I don't have any friends who would be willing to do it because, well, we're only 15 and their parents wouldn't allow.
I am more than willing to pay extra 
Suggestions?


----------



## gracefulchaos01 (Mar 19, 2014)

And she can't travel with you?


----------



## nikki (Aug 28, 2008)

gracefulchaos01 said:


> And she can't travel with you?


She would probably have to go through quarantine and that could take months so its not a good idea

To the OP, when you got her what were you planning to do with her when you travelled? Its something you should have thought about before getting a pet.


----------



## gracefulchaos01 (Mar 19, 2014)

Sorry Nikki, I have never been to Singapore. But I probably should have considered that. Potentially invasive species in the proper environment and all.


----------



## Lilysmommy (Jan 7, 2009)

As far as I know, hedgehogs are illegal to have in Singapore. I have an online friend who lives there & she's mentioned it before.
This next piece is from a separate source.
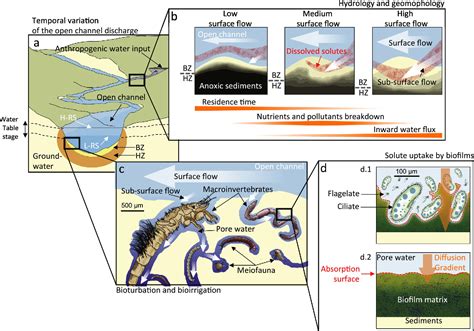 Figure 1 from Interplay of hydrology, community ecology and pollutant attenuation in the ...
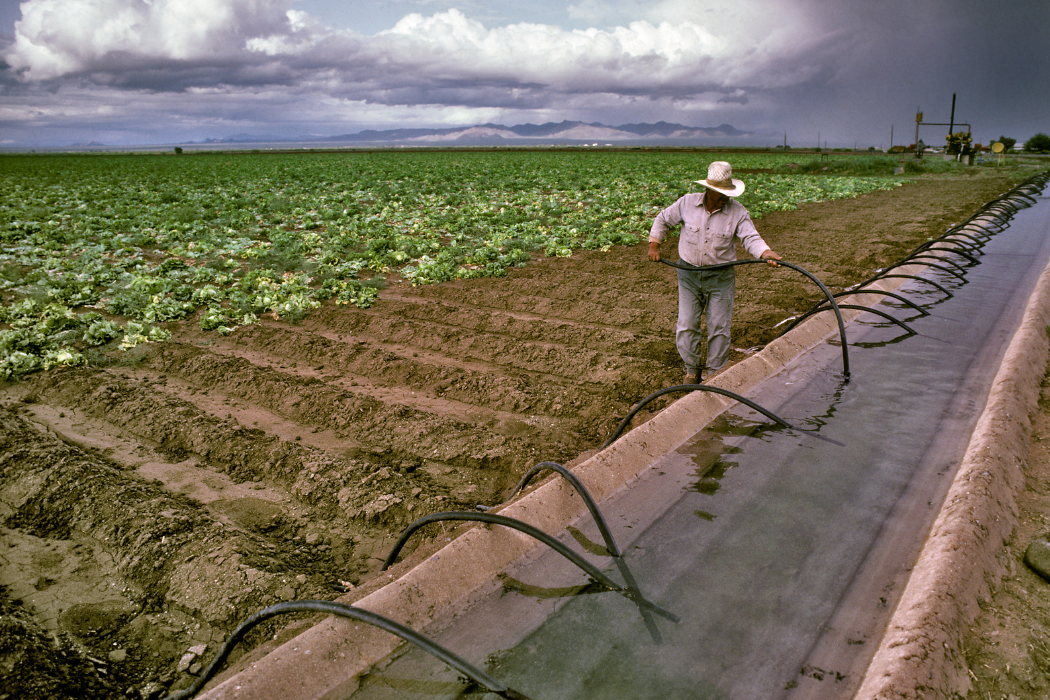 Tecnificació dels sistemes de reg a l’Equador: projecte de Grup Carles a Azuay amb impacte sostenible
Agreed with Nikki though. This is something that needs to be considered when you get any pet. Where do you live? Your best bet at this point is seeing if you have any animal-loving relatives in your area that would be able to be trained in proper hedgehog care, or looking up pet sitters in your area. You could also check & see if your area has any animal boarding facilities. They would likely need some extensive training in hedgehog needs as well, but maybe a possibility. 

Keep in mind the costs of having someone look after your animal for 3-4 months. That's 1/4 of the year. I do petsitting. I charge $30 a night to stay at someone's house with their pets. I do give a slight discount for long-term stays sometimes, but by my rates (which are average for my area), you're still looking at well over $1000. Your hedgehog may very well mostly forget you during that time as well, and you'll have to keep restarting bonding once you come home. 

If you can't find someone who'll be able to take good care of her for a cost that you can afford while you're gone, it sounds like you're going to have to find her a new home.


----------